Повесть «Любовь и мистер Льюишем» была опубликована в 1900 году. «Любовь» в этой книге — это в высшей степени наивный отклик юного, девственного воображения, а содержание, в сущности, сводится к «схеме карьеры» и ее крушению. В повести, которую я назвал «многоголосной фугой», борются две тенденции. Мистер Льюишем, как и я, — учитель и молодой ученый, и затруднения его — такие же, что и у меня. Но у него есть ребенок. Из любви к Этель Льюишем вынужден изменить «схеме» и остепениться. Семейная клаустрофобия, страх замкнуться на собственном доме, которые испытывал я и которые, вероятно, сыграли свою роль в моем отъезде из Саттона, ясно видны в этой книге. Когда я ее писал (1898–1899), я не соотносил сознательно историю мистера Льюишема со своими собственными обстоятельствами, но, по всей видимости, эта фобия жила где-то в подсознании. Позднее, в 1910 году, она вышла на поверхность, и я продал дом, ибо почувствовал, что иначе я никогда оттуда не сдвинусь.
«Морская дева», опубликованная в 1902 году, а задуманная двумя годами ранее, — это история с теми же двумя параллельными пластами, но соотносится она с совершенно иной системой ценностей. Появилось нечто новое — чувственные потребности. Тут есть что-то от исповеди, но какой-то шутовской. Любовь приводит не к оседлости, а к полной неразберихе. Впрочем, мечты о бескорыстном служении рушатся точно так же. Чаттериз, влюбленный герой, кидается не в домашний быт, а в озаренное луной море. Бремя второй фазы — жажда какой-то особой, неиспытанной жизни. Не только Кэтрин Уэллс, но и я мечтал порой о волшебных островах. Чаттериз — многообещающий молодой политик, нечто среднее между Гарри Кастом и кем-нибудь из романа миссис Хэмфри Уорд{163}, помолвлен с героиней, сознательно и откровенно списанной с «Марселы», принадлежащей перу этой писательницы. Все надежды героини разрушает русалка, вышедшая на берег, когда Бантинги, у которых героиня эта гостит, купаются прямо в саду — частные сады в Сандгейте спускаются к берегу. Русалка — это красота, магия красоты. Она сводит Чаттериза с ума, он жаждет «иных грез», иной жизни за пределами разума и возможности. Книга кончается так же легко, как и начиналась, — «в разгар» лунного сияния.

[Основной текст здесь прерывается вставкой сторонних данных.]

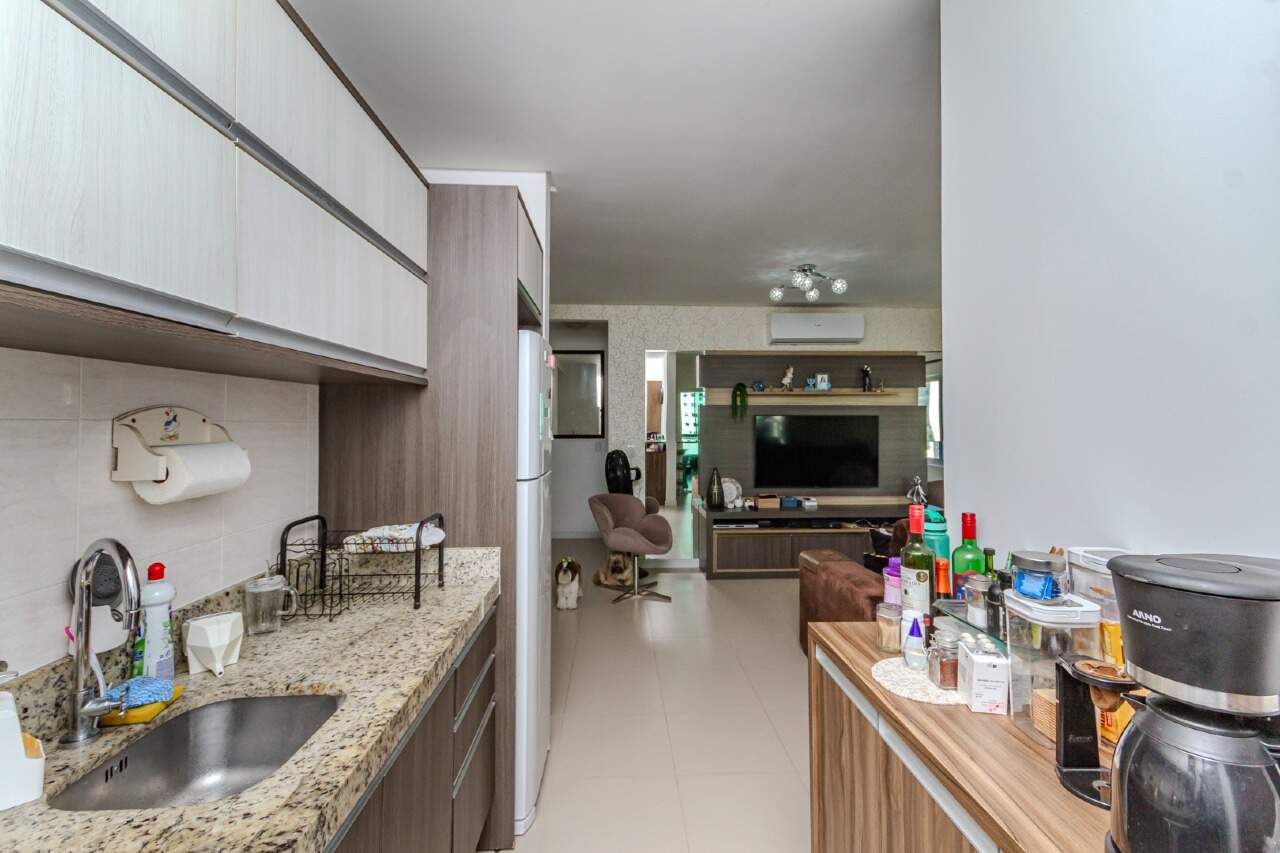 Apartamento à venda no Pioneiros: 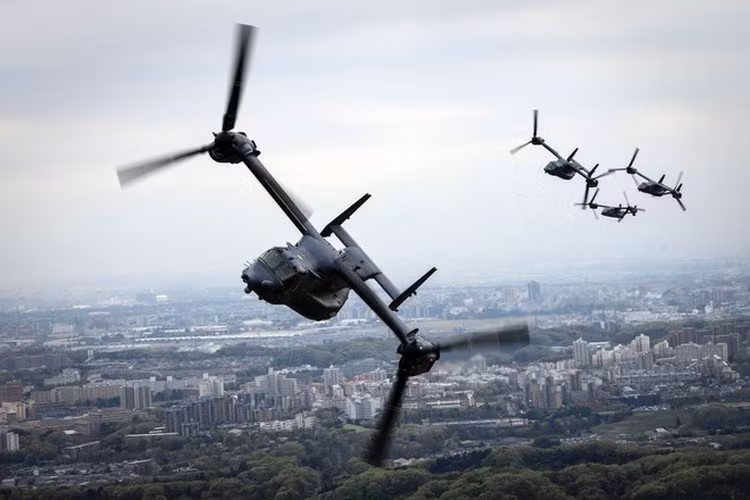 Hải quân Mỹ sử dụng CMV-22B Osprey để thực hiện những nhiệm vụ tương tự như máy bay C-2A Greyhound, bao gồm vận tải, cứu hộ, cung cấp lương thực, phụ tùng và trang thiết bị cho các thủy thủ trên các tàu sân bay.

Следующая книга, где описаны нерешенные сексуальные проблемы, — это «Современная Утопия» (1905). Созданием ее правил Платон, я слушался его, исключив сексуальные увлечения, уменьшив до предела различия между мужчиной и женщиной и совершенно не считаясь с фазой сексуальной сосредоточенности. Именно так решал и решает эту проблему интеллектуал. Среди моих самураев есть и мужчины и женщины, они крепки, очень легко одеты, а любовь у них свободна, и они всегда готовы к услугам. Подобно коммуне Онейда в штате Нью-Йорк они составляют «групповую семью». Вероятно, серьезной привязанности у них быть не может, во всяком случае, я так предположил, хотя и подчеркнул их взаимную обходительность. Студентам нашим книга понравилась, привила многим из них склонность к беспечным утехам, быстро восстановила против прочности уз, ревности и обид. Словом, она сыграла немалую роль в том движении, которое освободило женщин от строгостей викторианского целомудрия.